SECURITIES AND EXCHANGE COMMISSION

Washington, D.C. 20549

 

 

FORM 8-K

 

 

Current Report

Pursuant to Section 13 or 15(d) of the

Securities Exchange Act of 1934

Date of Report (Date of earliest event reported): May 30, 2017

 

 

FIRST INTERSTATE BANCSYSTEM, INC.

(Exact name of registrant as specified in its charter)

 

 

 

Montana   001-34653   81-0331430

(State or Other Jurisdiction

of Incorporation)

 

(Commission

File No.)

 

(I.R.S. Employer

Identification No.)

401 North 31st Street, Billings, MT   59116
(Address of Principal Executive Offices)   (Zip Code)

(406) 255-5390

(Registrant’s telephone number, including area code)

Not Applicable

(Former name or former address, if changed since last report)

 

 

Check the appropriate box below if the Form 8-K filing is intended to simultaneously satisfy the filing obligation of the registrant under any of the following provisions:

 

Written communications pursuant to Rule 425 under the Securities Act (17 CFR 230.425)

 

Soliciting material pursuant to Rule 14a-12 under the Exchange Act (17 CFR 240.14a-12)

 

Pre-commencement communications pursuant to Rule 14d-2(b) under the Exchange Act (17 CFR 240.14d-2(b))

 

Pre-commencement communications pursuant to Rule 13e-4(c) under the Exchange Act (17 CRF 240.13e-4(c))

Indicate by check mark whether the registrant is an emerging growth company as defined in Rule 405 of the Securities Act of 1933 (§230.405 of this chapter) or Rule 12b-2 of the Securities Exchange Act of 1934 (§240.12b-2 of this chapter).

Emerging growth company  ☐

If an emerging growth company, indicate by check mark if the registrant has elected not to use the extended transition period for complying with any new or revised financial accounting standards provided pursuant to Section 13(a) of the Exchange Act.  ☐

 

 

 


Item 2.01 Completion of Acquisition or Disposition of Assets.

On May 30, 2017, First Interstate BancSystem, Inc. (“First Interstate”) completed its previously announced acquisition of Cascade Bancorp, an Oregon corporation (“Cascade”), pursuant to the Agreement and Plan of Merger, dated as of November 17, 2016 (the “Merger Agreement”), by and between First Interstate and Cascade. Under the terms of the Merger Agreement, Cascade merged with and into First Interstate (the “Merger”), with First Interstate being the surviving corporation of the Merger. As a result, First Interstate has acquired Bank of the Cascades, an Oregon state chartered bank, as a wholly-owned subsidiary.

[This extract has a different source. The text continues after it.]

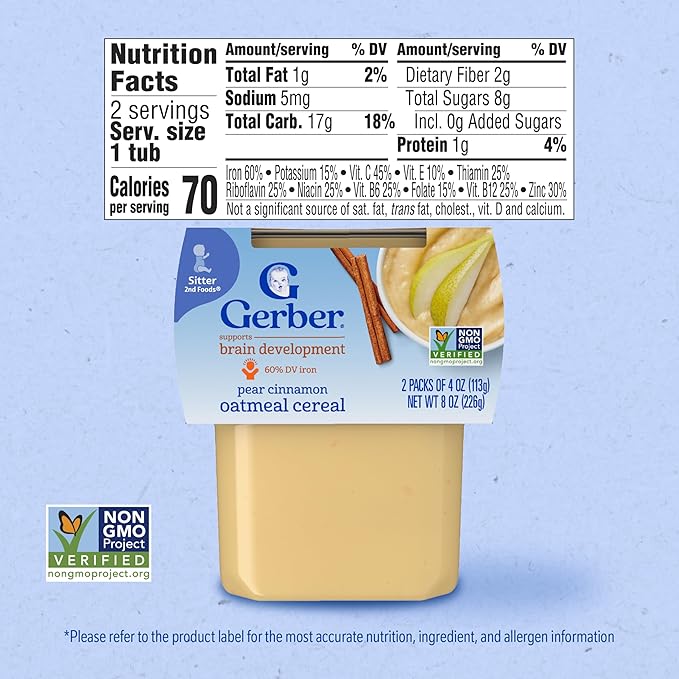 Gerber Stage 2 Baby Food, Pear Cinnamon Oatmeal Cereal Tubs, Iron Helps Support Brain Development, No Added Colors or Flavors, Baby Oatmeal, 16-Pack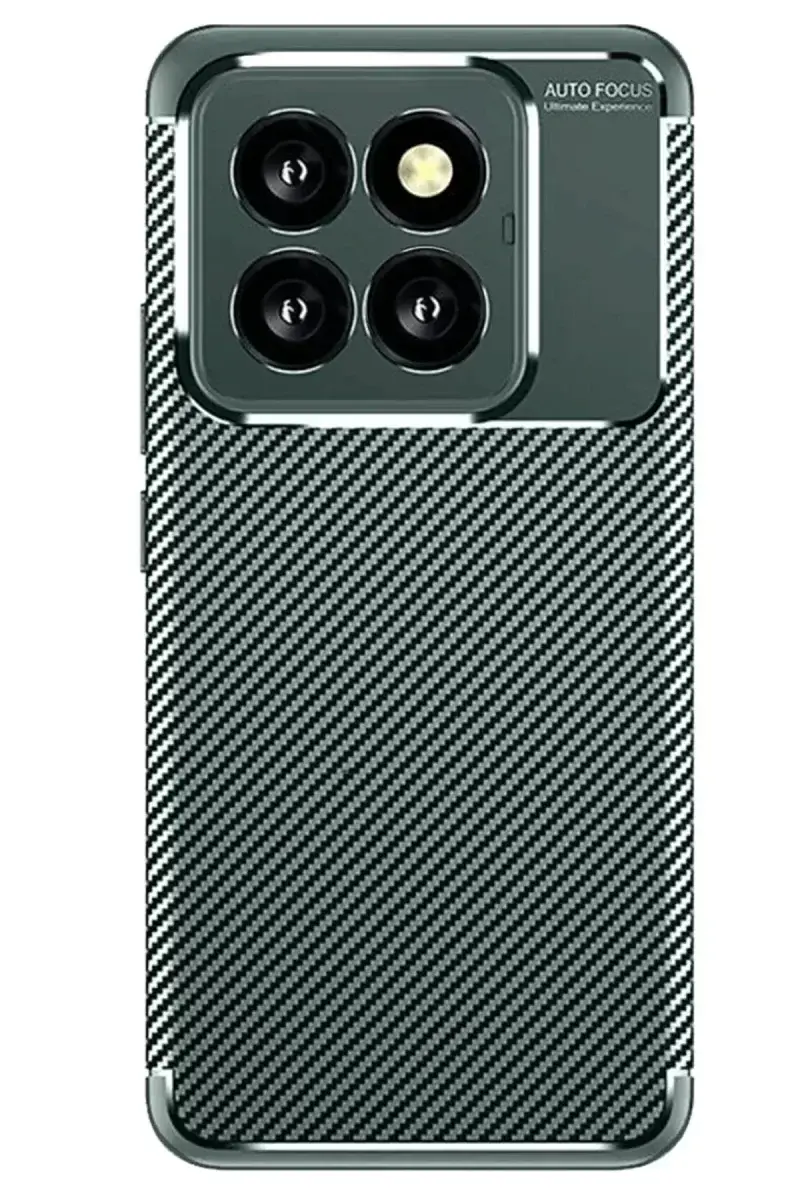 Newface Xiaomi Mi 14t Pro Kılıf Auto Focus Karbon Kapak - Koyu Yeşil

Under the terms and subject to the conditions of the Merger Agreement, at the effective time of the Merger (the “Effective Time”), holders of Cascade common stock (other than shares owned by First Interstate or Cascade) became entitled to receive, for each share of Cascade common stock issued and outstanding immediately prior to the Effective Time, 0.14864 shares of First Interstate Class A common stock and $1.91 in cash, without interest.

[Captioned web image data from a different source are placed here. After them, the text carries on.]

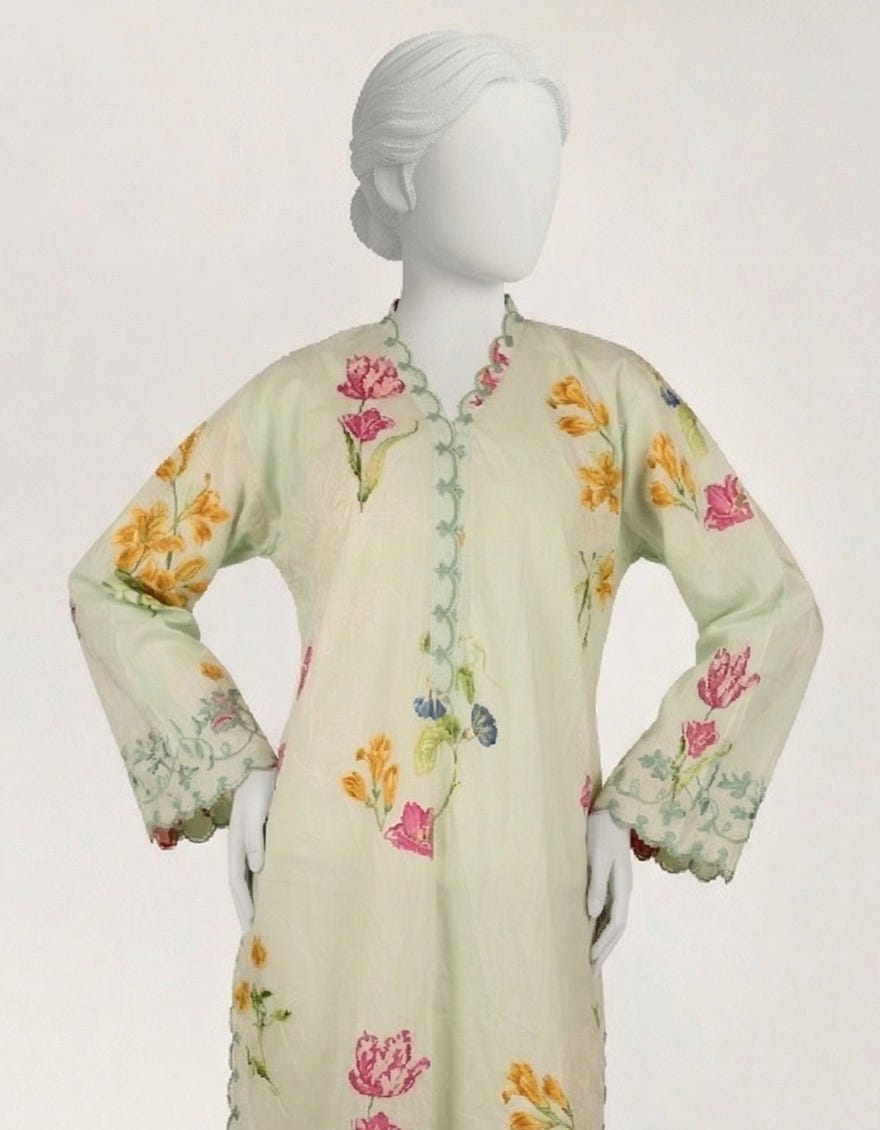 GREEN LAWN EMBROIDERED KURTA
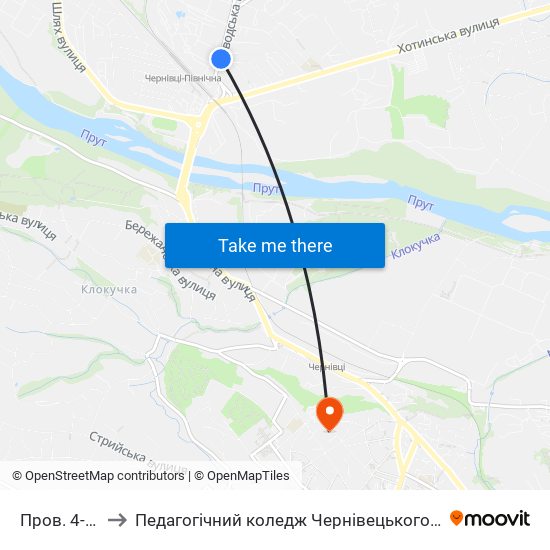 Пров. 4-Й Заводський to Педагогічний коледж Чернівецького національного університету їм. Ю. Федьковича map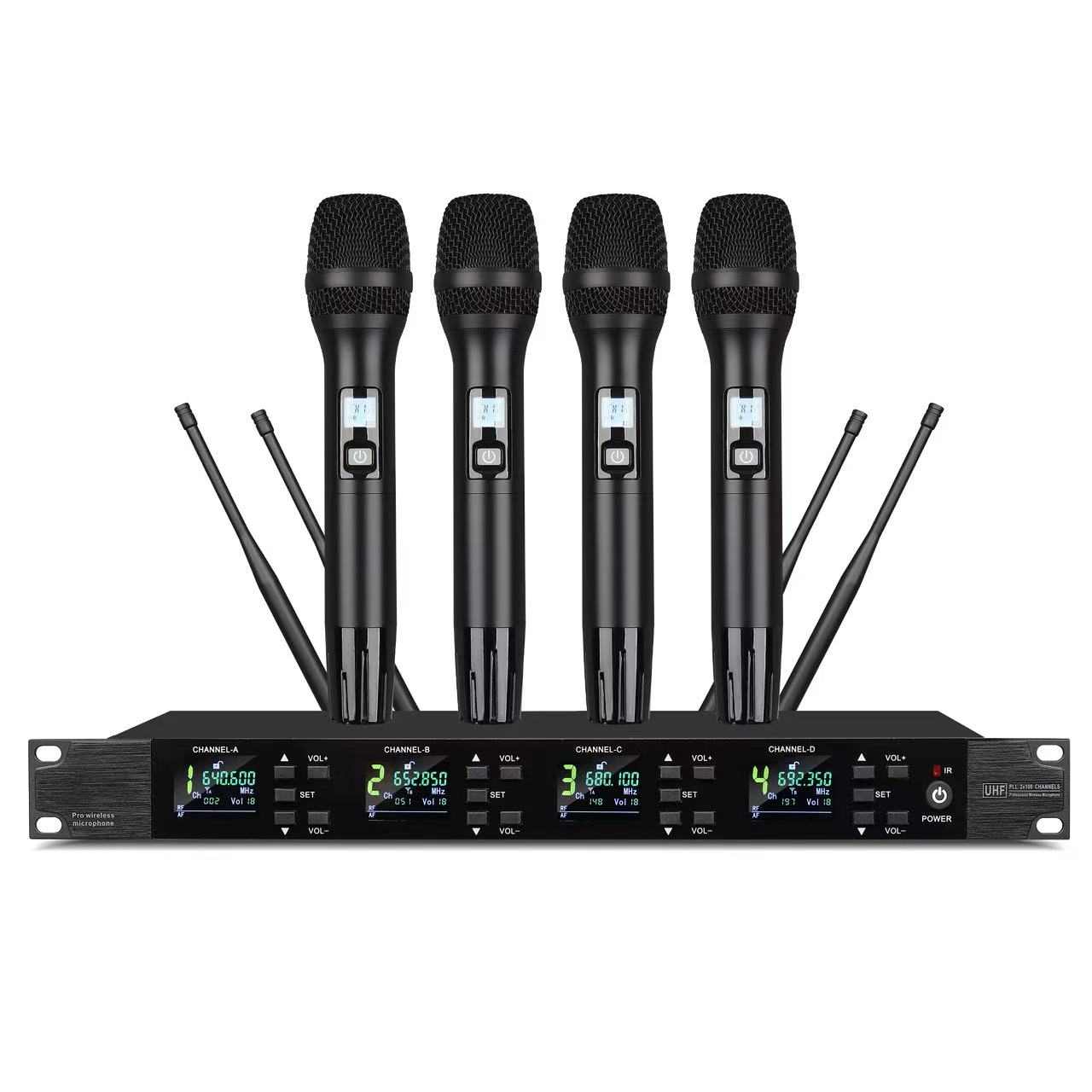 ELEGAUDIO DF204 four-channel selectable-frequency uhf system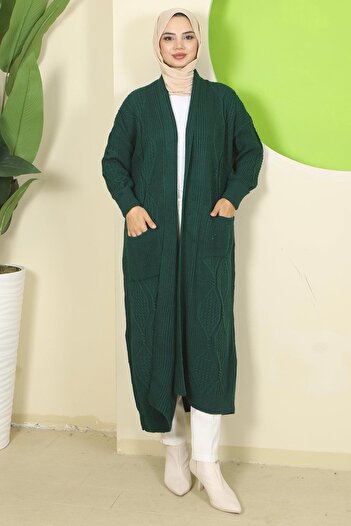 hafsamina Shawl Collar Pocketed Knitwear Cardigan Emerald Hm2534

At the Effective Time, each outstanding stock option (vested or unvested) to purchase shares of Cascade common stock that was outstanding and unexercised as of immediately prior to the Effective Time was cancelled and terminated in exchange for a cash payment equal to the product of (1) the number of shares of Cascade common stock subject to the stock option multiplied by (2) the amount by which the merger consideration exceeded the exercise price of such option, less applicable withholding taxes. For purposes of this calculation, the merger consideration was equal to $7.54, which is the sum of the cash consideration and the product of the exchange ratio times the average closing sales price of First Interstate Class A common stock over the 20 consecutive trading days ending on the fifth day before the closing date of the Merger.

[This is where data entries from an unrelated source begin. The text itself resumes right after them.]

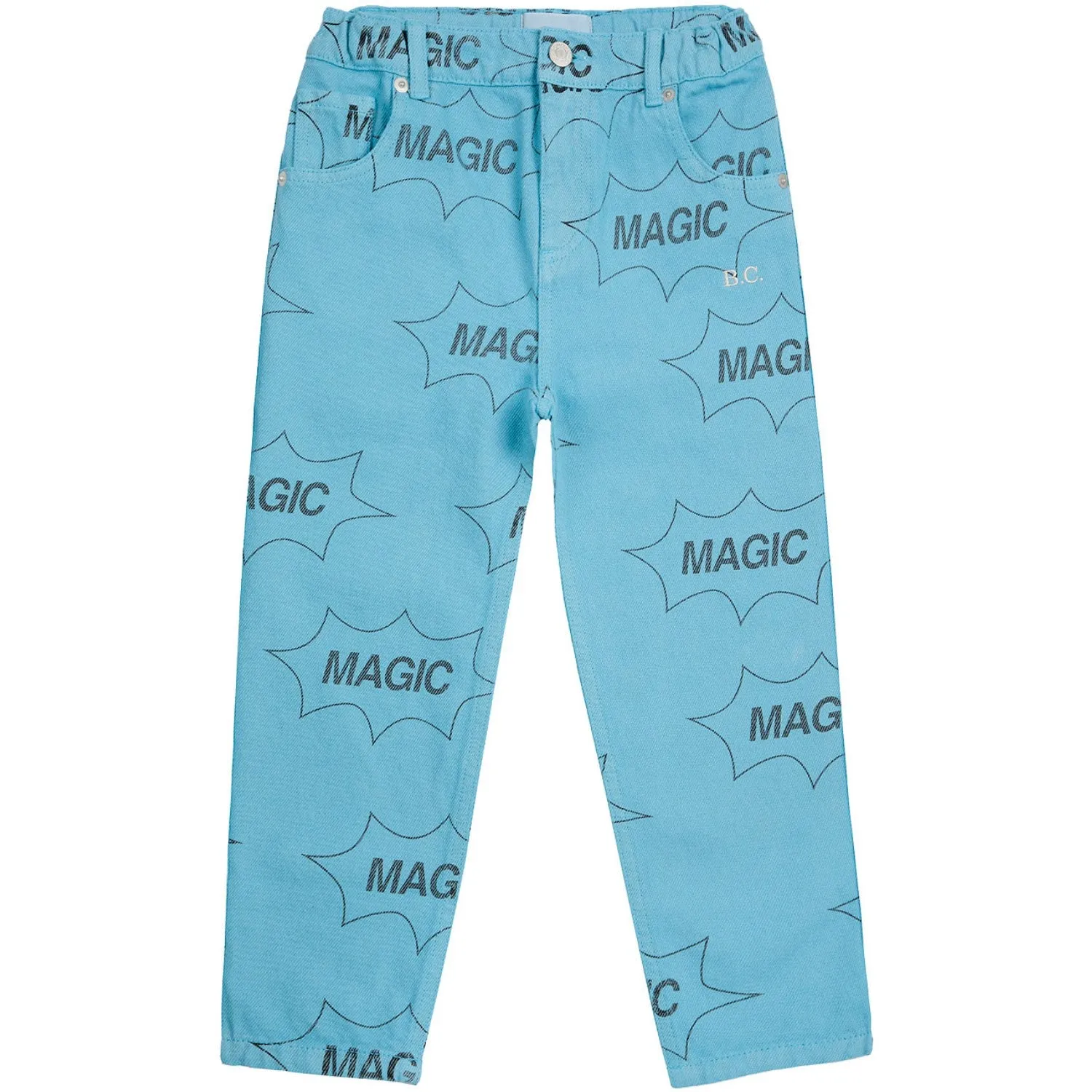 Bobo Choses Light Blue It'S Magic All Over Denim Baggy Pants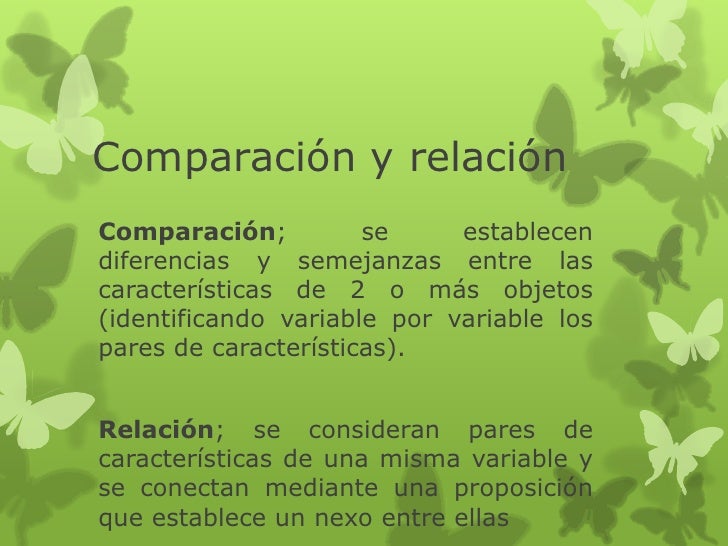 Comparación y relación HABILIDADES DEL PENSAMIENTO 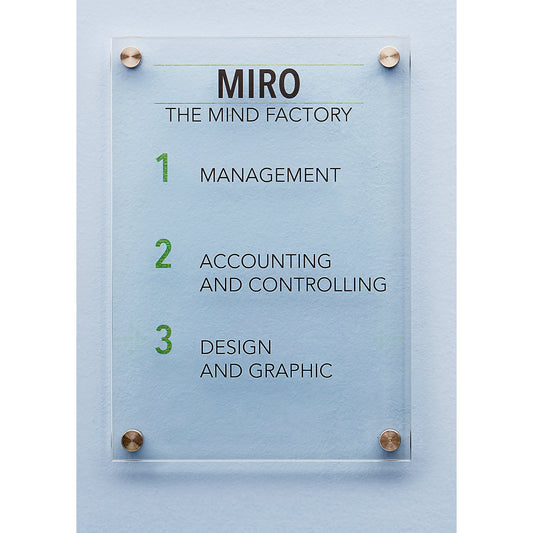 Door sign made of single pane safety glass, made of single pane safety glass, A3.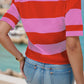 Color Block Round Neck Short Sleeve T-Shirt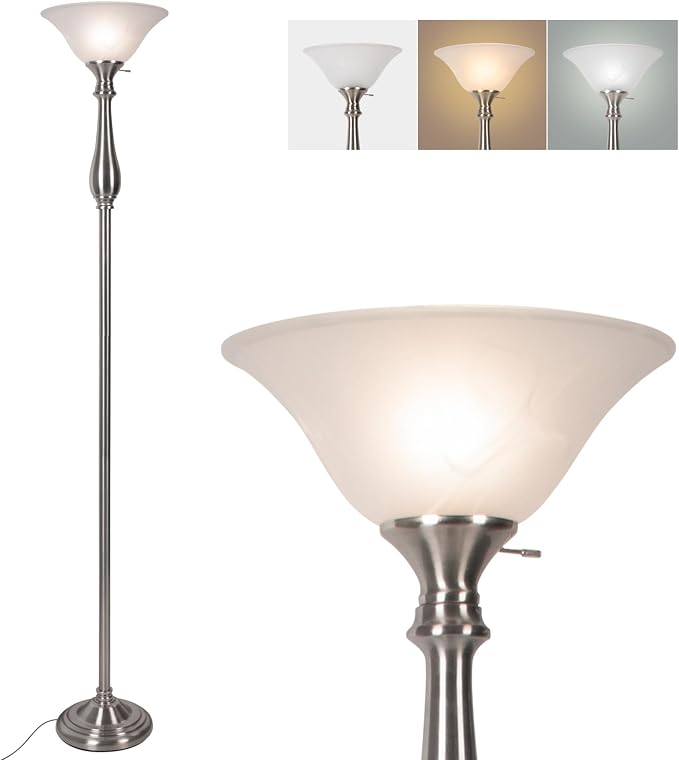 Torchiere Floor Lamps for Living Room Bedroom, 72" Tall Alabaster Glass Bowl Shade with No Bulb, Standing Lamp Iron Brushed Nickel for Corner,Office, Home Decor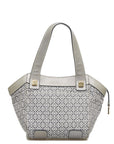 LOEWE Anagram Tote Bag in Canvas Leather Leather Silver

Based on the number of shares of Cascade common stock issued and outstanding immediately prior to the Effective Time, First Interstate is issuing approximately 11.3 million shares of First Interstate Class A common stock in connection with the Merger. The cash payable by First Interstate in connection with the Merger is approximately $156.3 million, which includes the cash portion of the merger consideration and the cash in lieu of fractional shares that Cascade shareholders would have otherwise been entitled to receive.

The foregoing description of the Merger and the Merger Agreement does not purport to be complete and is qualified in its entirety by reference to the Merger Agreement, which was filed as Exhibit 2.1 of First Interstate’s Current Report on Form 8-K filed on November 17, 2016, and is incorporated herein by reference.

 

Item 5.02 Departure of Directors or Certain Officers; Election of Directors; Appointment of Certain Officers; Compensatory Arrangements of Certain Officers.

Effective as of May 30, 2017, in connection with the Merger and pursuant to the terms of the Merger Agreement, the Board of Directors of First Interstate expanded the size of its Board of Directors to appoint two former Cascade directors, Patricia L. Moss and Dennis L.


Johnson. Ms. Moss has been appointed to the Governance and Nominating Committee, Compensation Committee and Executive Committee and Mr. Johnson has been appointed to the Audit Committee and Credit Committee.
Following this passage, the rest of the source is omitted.